Essential trick with iMS20/Memphis
If you own Moog's Model D app you'll know that the feedback circuit is essential for many of the timbres it's most famous for.
The iMS20/Memphis has a similar trick up it's sleeve but it's not quite so obvious. Having said that, it's capable of so much more.
As you can see, you can feed the virtual headphone jack to the external signal processor before feeding it back into VCO mixer pre the filter. This is actually a lot more powerful than Moogs feedback circuit as you can process the signal before feeding it back into the VCO mixer. For bass sounds I like to filter the bottom end out first so all the saturation goodness is occurring on the higher harmonics one it its the main filters (keeping out of the way of the lower fundamental frequencies).
One word of warning, the signal level on the External Signal Processor starts clipping at a value of 1.00 (out of 10.00), as the headphone output is far hotter than general audio rate signals in the modular section of iMS20, so less is more unless you want a gnarly clipping mess (all good if that was your goal). This feedback trick completely changes the character of the iMS20 in a very good way.
This how I've used it in a typical bass patch.

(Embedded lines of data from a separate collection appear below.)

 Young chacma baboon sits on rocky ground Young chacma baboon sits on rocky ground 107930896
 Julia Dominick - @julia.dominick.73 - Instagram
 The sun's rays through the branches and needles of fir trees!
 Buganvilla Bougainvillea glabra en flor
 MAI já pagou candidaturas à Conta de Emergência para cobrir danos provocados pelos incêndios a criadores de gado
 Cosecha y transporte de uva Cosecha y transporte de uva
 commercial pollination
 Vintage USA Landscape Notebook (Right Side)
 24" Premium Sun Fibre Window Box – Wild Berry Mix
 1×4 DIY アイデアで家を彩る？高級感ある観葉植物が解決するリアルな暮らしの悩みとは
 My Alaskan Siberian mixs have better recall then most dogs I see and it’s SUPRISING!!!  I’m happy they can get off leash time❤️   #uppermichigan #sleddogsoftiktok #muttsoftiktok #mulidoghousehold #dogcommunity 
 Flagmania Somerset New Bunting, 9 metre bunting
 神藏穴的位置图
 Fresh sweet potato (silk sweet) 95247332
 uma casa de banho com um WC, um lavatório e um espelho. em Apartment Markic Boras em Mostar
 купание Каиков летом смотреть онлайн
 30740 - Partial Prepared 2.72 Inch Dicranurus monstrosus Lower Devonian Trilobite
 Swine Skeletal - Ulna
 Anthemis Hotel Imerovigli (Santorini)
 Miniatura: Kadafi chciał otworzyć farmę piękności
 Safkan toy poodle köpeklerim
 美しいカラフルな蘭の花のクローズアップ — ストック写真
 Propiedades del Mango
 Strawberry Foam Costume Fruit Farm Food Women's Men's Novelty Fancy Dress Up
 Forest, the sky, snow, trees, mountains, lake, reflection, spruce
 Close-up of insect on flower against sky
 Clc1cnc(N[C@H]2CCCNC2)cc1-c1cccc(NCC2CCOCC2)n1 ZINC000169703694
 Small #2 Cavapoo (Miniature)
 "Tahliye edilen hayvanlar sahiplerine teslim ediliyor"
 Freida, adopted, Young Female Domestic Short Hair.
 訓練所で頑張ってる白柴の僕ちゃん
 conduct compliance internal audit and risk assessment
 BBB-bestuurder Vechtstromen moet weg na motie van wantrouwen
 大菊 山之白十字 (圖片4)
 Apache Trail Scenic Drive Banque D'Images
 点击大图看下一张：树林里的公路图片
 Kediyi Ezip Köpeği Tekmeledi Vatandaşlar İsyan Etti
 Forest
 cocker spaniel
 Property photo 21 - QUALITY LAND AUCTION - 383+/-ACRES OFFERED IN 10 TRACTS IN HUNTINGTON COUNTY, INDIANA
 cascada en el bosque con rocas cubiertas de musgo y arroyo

You'll find that everything responds differently once you feed the headphone socket signal into the filter inclusive of the envelopes so you'll often want to exaggerate settings from their previous state. You can get some really lovely timbres by exaggerating the high-pass filter (especially the resonance/peak) before hitting the low-pass.
Apologies for not sharing an instant gratification patch. It's intentional, as you only get a feel for iMS20 when you start tweaking away. Much like Odyssei it can go through massive timbral shifts with what seems to be minor tweaks, but you get a feel for it pretty quickly.